___ Dataset extract ___
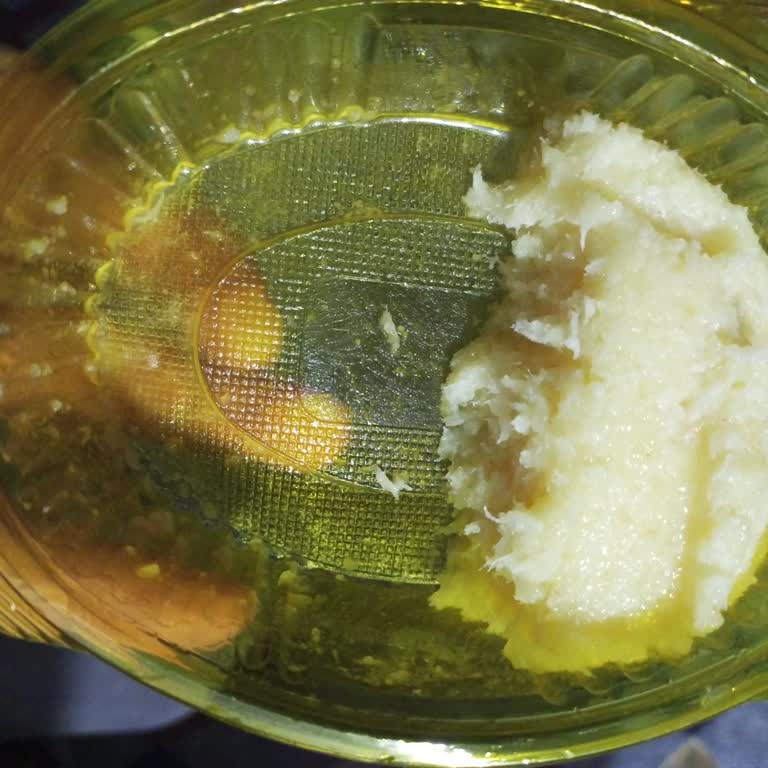 Peysan Peynir Helvası Plastik Kokuyor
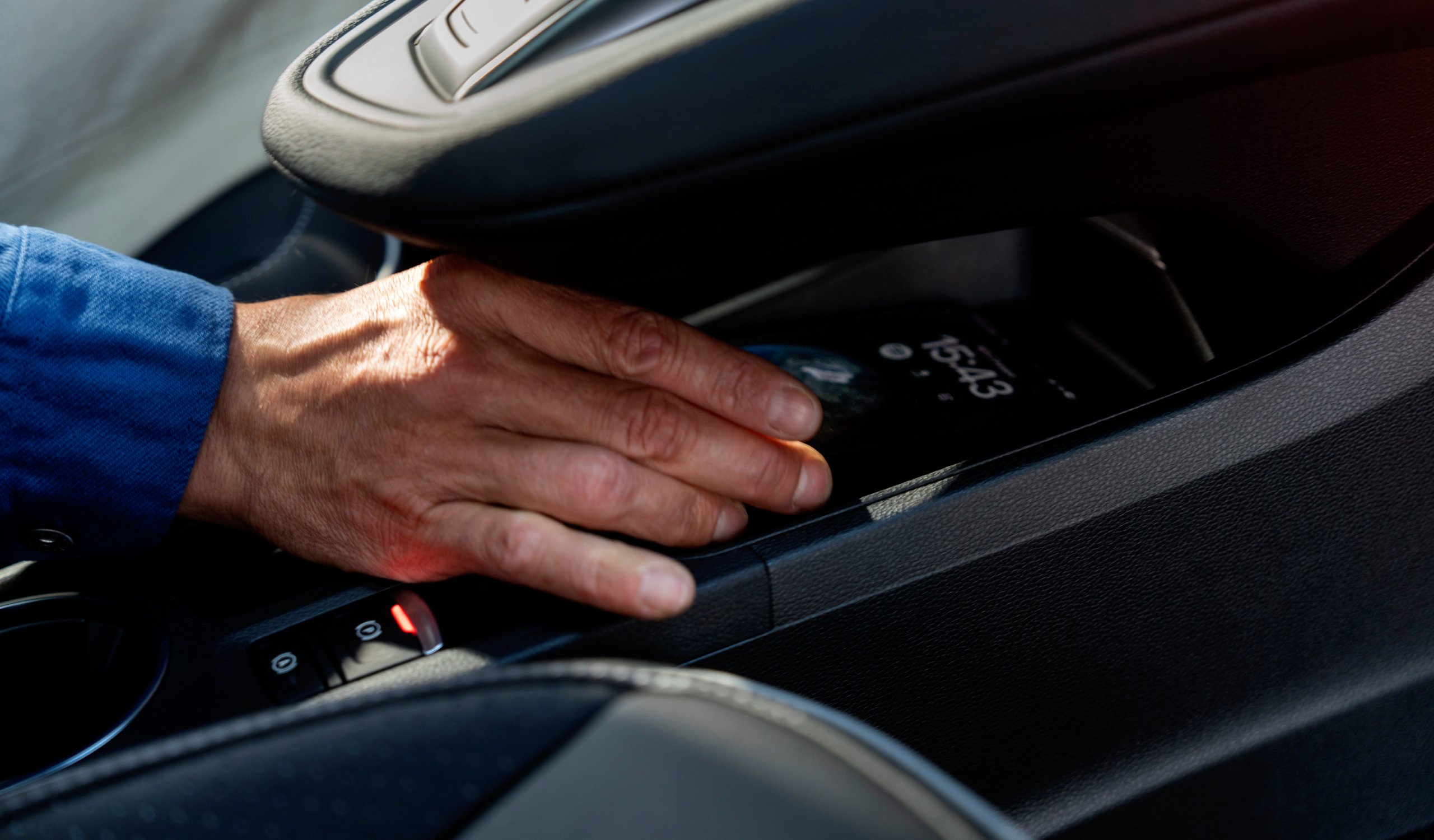 Nové Mitsubishi Grandis - bezdrátová nabíječka mobilních telefonů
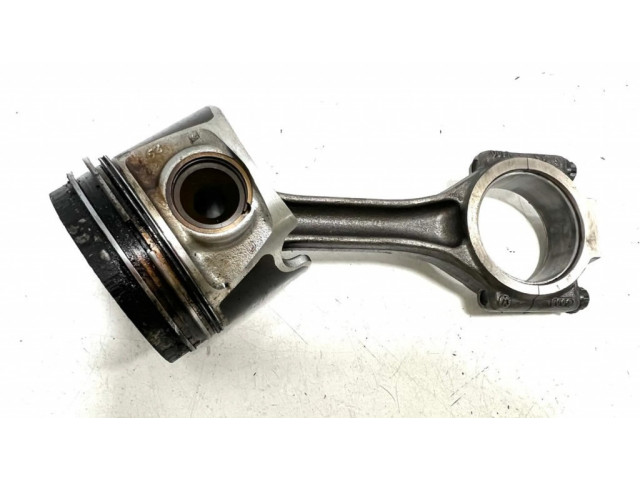 Píst 038JDE, S85V400 Dodge Journey pro naftový motor 2.0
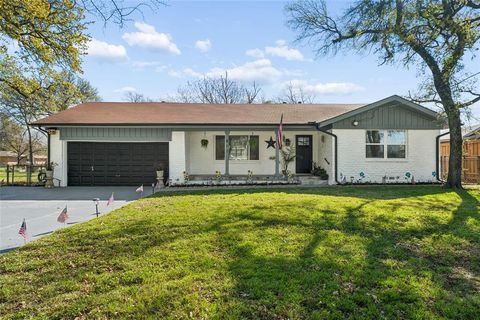 911 Vine Street Euless TX 76040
___
• [Action item]:
The full listing must come back exactly as written, with its pictures left out.

• [Written response]:
 Peysan Peynir Helvası Plastik Kokuyor
 Nové Mitsubishi Grandis - bezdrátová nabíječka mobilních telefonů
 Píst 038JDE, S85V400 Dodge Journey pro naftový motor 2.0
 911 Vine Street Euless TX 76040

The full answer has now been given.